Intorno al 38 Km vedo Noemi Gizzy che prima mi affianca e poi mi sopravanza di qualche metro. Il saluto che ci scambiamo è quasi silenzioso da quanta è la fatica. La seguo, a distanza, alzando lo sguardo di tanto in tanto verso l'Arco della Pace, odiando i tratti sconnesi che attraversano il viale, provando a sorridere a quelli che ci vedono passare assiepati agli incroci. Plinio (Presidente della Martesana Corse, nda) mi affianca al 39 Km e corre con me fino all'arrivo. Lui parla io corro. E penso a quanto ci sarà poco più avanti. Penso a cosa mi sarei perso se mi fossi fermato, se mi fossi arreso.

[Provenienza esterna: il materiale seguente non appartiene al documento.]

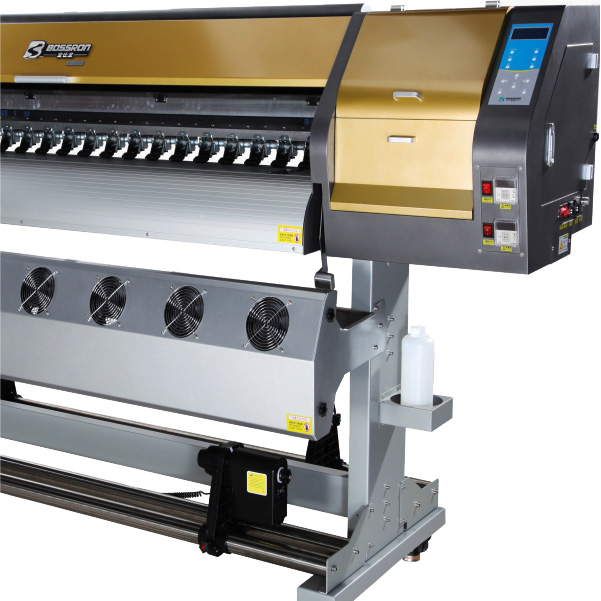 宝仕龙 WT-1802A 高端四头写真机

Vorrei anche sorridere perchè i chilometri da dodici sono diventati solo due. E poi uno. E poi ho avuto in mano quella bandiera da portare sotto l'arrivo. Non importa se in 3h 07' 18". Questa volta valeva la pena solamente farlo.

Poi ho ritrovato Chiara e Franco all'arrivo, e Alfredo, Michele, Simone, Giessica (che neanche avevo riconosciuto da quanto ero stravolto) Paolo e tantissimi altri followers del sito che mi hanno salutato. E io vi ringrazio tutti. Davvero. Non sapete quanto fa piacere sentirsi dire "ti seguo sempre". Uno stimolo a fare sempre di più e sempre meglio. Ho visto arrivare Rocco, in lacrime, tagliare il traguardo e piangere come un bambino. Emozionato, distrutto. Il suo abbraccio sfinito mi ha fatto capire più di ogni altra cosa quello che ognuno di noi prova lungo quei quarantaduechilometriecentonovantacinquemetri. Ed ho visto una città di corsa in festa, con centinaia di cartelli e bandiere, di sorrisi e di abbracci. Il bello è essere stato parte del tutto, che sia maratona o staffetta o pubblico o staff. È stato bello. Ma più di ogni altra cosa è stato bello farlo per Markiyan.

La nostra Raccolta Fondi, CORRO per AiCRA, non si ferma certo qui. Andremo avanti fino al primo compleanno di Markiyan il 12 giugno. Quindi donate, spargete la voce, aiutateci. Io sono sempre qui pronto ad accettare la sfida per raddoppiare i nostri sforzi. In una mezza, un diecimila o qualsiasi altra gara ci potrà essere. Ci vuole solo uno sponsor che abbia la capacità, ma soprattutto la voglia di provarci. E grazie ancora... a Markiyan ed AiCRA.